Re: Re: [PATCH v4 2/5] iommu/vt-d: Remove the pasid present check in prq_event_thread

From: Joel Granados
Date: Thu Oct 31 2024 - 07:18:49 EST


On Thu, Oct 31, 2024 at 05:57:01PM +0800, Baolu Lu wrote:
> On 2024/10/30 22:28, Joel Granados wrote:
> > On Tue, Oct 29, 2024 at 11:12:49AM +0800, Baolu Lu wrote:
> >> On 2024/10/28 18:24, Joel Granados wrote:
> >>> On Mon, Oct 28, 2024 at 03:50:46PM +0800, Yi Liu wrote:
> >>>> On 2024/10/16 05:08, Joel Granados wrote:
> >>>>> From: Klaus Jensen<k.jensen@xxxxxxxxxxx>
> >>>>>
> >>>>> PASID is not strictly needed when handling a PRQ event; remove the check
> >>>>> for the pasid present bit in the request. This change was not included
> >>>>> in the creation of prq.c to emphasize the change in capability checks
> >>>>> when handing PRQ events.
> >>>>>
> >>>>> Signed-off-by: Klaus Jensen<k.jensen@xxxxxxxxxxx>
> >>>>> Reviewed-by: Kevin Tian<kevin.tian@xxxxxxxxx>
> >>>>> Signed-off-by: Joel Granados<joel.granados@xxxxxxxxxx>
> >>>> looks like the PRQ draining is missed for the PRI usage. When a pasid
> >>>> entry is destroyed, it might need to add helper similar to the
> >>>> intel_drain_pasid_prq() to drain PRQ for the non-pasid usage.

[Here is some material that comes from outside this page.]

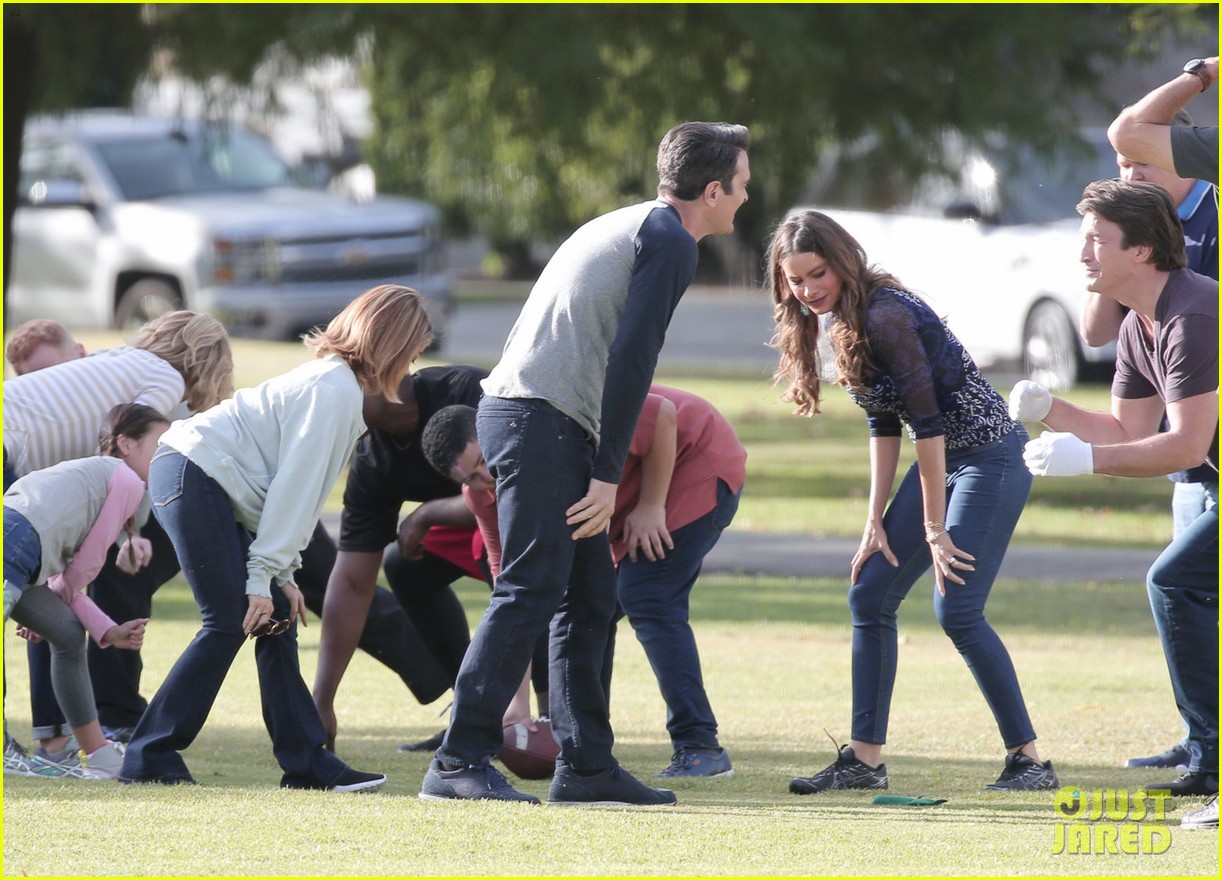 modern family cast plays football thanksgving episode 09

> >>> These types of user space PRIs (non-pasid, non-svm) are created by
> >>> making use of iommufd_hwpt_replace_device. Which adds an entry to the
> >>> pasid_array indexed on IOMMU_NO_PASID (0U) via the following path:
> >>>
> >>> iommufd_hwpt_replace_device
> >>> -> iommufd_fault_domain_repalce_dev
> >>> -> __fault_domain_replace_dev
> >>> -> iommu_replace_group_handle
> >> -> __iommu_group_set_domain
> >> -> intel_iommu_attach_device
> >> -> device_block_translation
> >> -> intel_pasid_tear_down_entry(IOMMU_NO_PASID)
> >>
> >> Here a domain is removed from the pasid entry, hence we need to flush
> >> all page requests that are pending in the IOMMU page request queue or
> >> the PCI fabric.
> > This make a lot of sense: To use iommufd_hwpt_replace_device to replace
> > the existing hwpt with a iopf enabled one, the soon to be irrelevant
> > page requests from the existing hwpt need to be flushed. And we were not
> > doing that here.
> >
> >>> -> xa_reserve(&group->pasid_array, IOMMU_NO_PASID, GFP_KERNEL);
> >>>
> >>> It is my understanding that this will provide the needed relation
> >>> between the device and the prq in such a way that when remove_dev_pasid
> >>> is called, intel_iommu_drain_pasid_prq will be called with the
> >>> appropriate pasid value set to IOMMU_NO_PASID. Please correct me if I'm
> >>> mistaken.
> >> Removing a domain from a RID and a PASID are different paths.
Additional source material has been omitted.